BUT, the regex used to extract fields from the schema detail:
(?im)^(?P<SCHEMA>\w+)\s+(?P<TABLENAME>\w+)\s+(?P<DATA_OBJECT_L_SIZE_KB>\d+)\s+(?P<LONG_OBJECT_L_SIZE_KB>\d+)\s+(?P<LOB_OBJECT_L_SIZE_KB>\d+)\s+(?P<XML_OBJECT_L_SIZE_KB>\d+)\s+(?P<USER_DATA_L_SIZE_KB>\d+)\s+(?P<COMPRESSION>\w+)\s+(?P<TAUX_DE_COMPRESSION>[\-]*\d+)
Does not to seem to do the job, when i try to achieve some simple stats with Splunk, i get impossible results (such as a simple stats count(TABLENAME) by SCHEMA)
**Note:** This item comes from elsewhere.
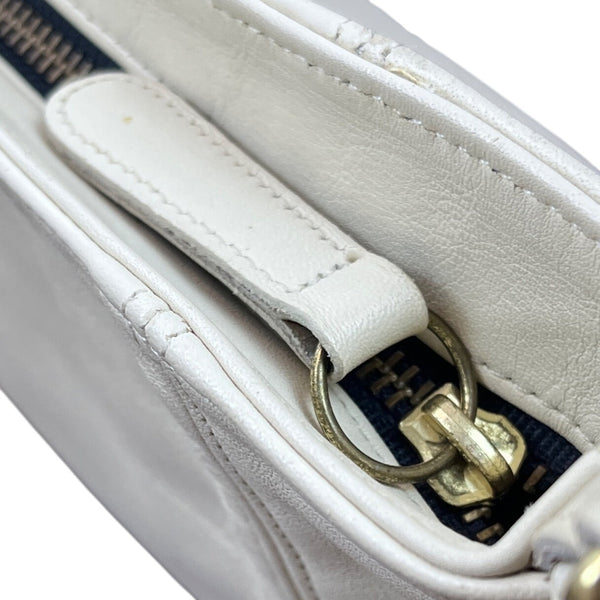 Vintage Coach Ivory White Leather Signature Embossed Tag Shoulder Bag Sz M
When i check in details with a "stats values(DATA_OBJECT_L_SIZE_KB) by SCHEMA,TABLENAME" for example, i see the values contains every values of the full event field and not the result of the association between keys (and so the value for this table only) as it should be
when i achieve a "table SCHEMA,TABLENAME,DATA_OBJECT_L_SIZE_KB" for example, then the data is correct but even a stats after the table command reports bad results.
So i think the issue in my regex, but this is driving me crazy and i can't get to know why...
If i remove the multi-line mode of the regex with such command:
index=db2compress sourcetype=db2compress
| rex max_match=1 "(?m-s)^(?P<SCHEMA>\w+)\s+(?P<TABLENAME>\w+)\s+(?P<DATA_OBJECT_L_SIZE_KB>\d+)\s+(?P<LONG_OBJECT_L_SIZE_KB>\d+)\s+(?P<LOB_OBJECT_L_SIZE_KB>\d+)\s+(?P<XML_OBJECT_L_SIZE_KB>\d+)\s+(?P<USER_DATA_L_SIZE_KB>\d+)\s+(?P<COMPRESSION>\w+)\s+(?P<TAUX_DE_COMPRESSION>[\-]*\d+)"
Then i off course only get the first result, so the multi line is required, i'm thinking in something with back line return or something or like that, but everything i tried has failed.
Thank you VERY VERY much for any help !